Contar mesmo a multidão: Mário Mesquita escreveu há meses um texto sobre o tema da contagem das multidões em manifs. Como informar correctamente leitores ou espectadores sobre a quantidade de gente presente nas iniciativas políticas?

O "Miami Herald" informa que a tecnologia já permite medir com precisão as multidões. Uma empresa da Califórnia faz fotografia aérea de alta resolução com "software" que conta os manifestantes, um a um.

A tecnologia foi inventada para contar peixes em cardumes nos rios ou árvores em pomares. A empresa foi contratada em Fevereiro pelo "San Francisco Chronicle" para contar uma manif contra a guerra. Os organizadores reclamavam mais de 200 mil pessoas na marcha, mas as fotos aéreas contaram 65 mil, isto é, um terço. Numa manif em Miami, a polícia contou 40 mil, mas a foto aérea registou 5000. Um oitavo.

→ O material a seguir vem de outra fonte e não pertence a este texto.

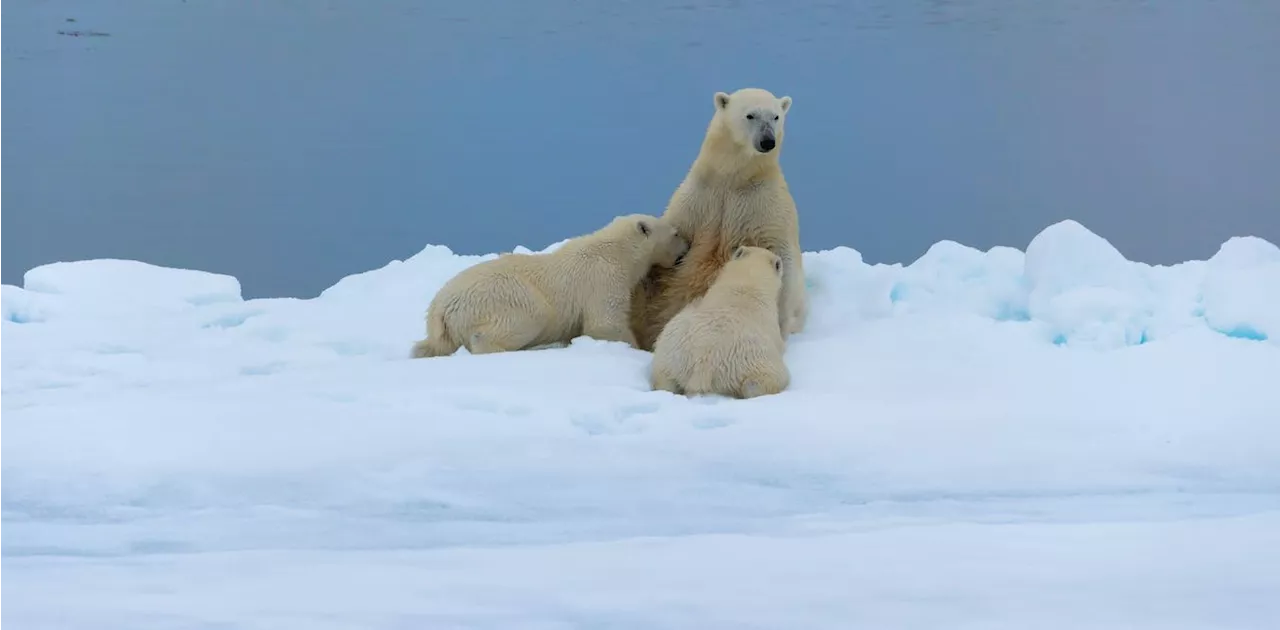 Polar bears may struggle to produce milk for their cubs as climate change melts sea ice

À falta de recursos entre nós para este processo sofisticado de contar multidões, aqui deixo uma sugestão: que os repórteres usem uma máquina de calcular e dividam por três ou por oito as estimativas.

Pedaços de multidão: O jornalismo televisivo caseiro tem revelado uma tendência para evitar panorâmicas das manifestações quando o número de participantes é pequeno. Essas reportagens fazem de propósito para não nos mostrarem a verdade acerca do número real de manifestantes.

Porque será que essas notícias nunca mostram a "multidão" em conjunto e apenas mostram planos médios com pequenos grupos, evitando que o espectador saiba que, do ponto de vista da mobilização, aquela iniciativa foi um fracasso?

Julgo que a razão é esta: mostrar o fracasso da manif seria revelar a pouca ou nenhuma importância da notícia. A reportagem omite imagens de conjunto porque não quer dizer-nos que empola uma iniciativa que não teve a participação nem mesmo dos que pretendia mobilizar. A notícia mente ao espectador para dar sentido à sua narrativa, para dar valor ao acto comunicativo e não ao seu conteúdo.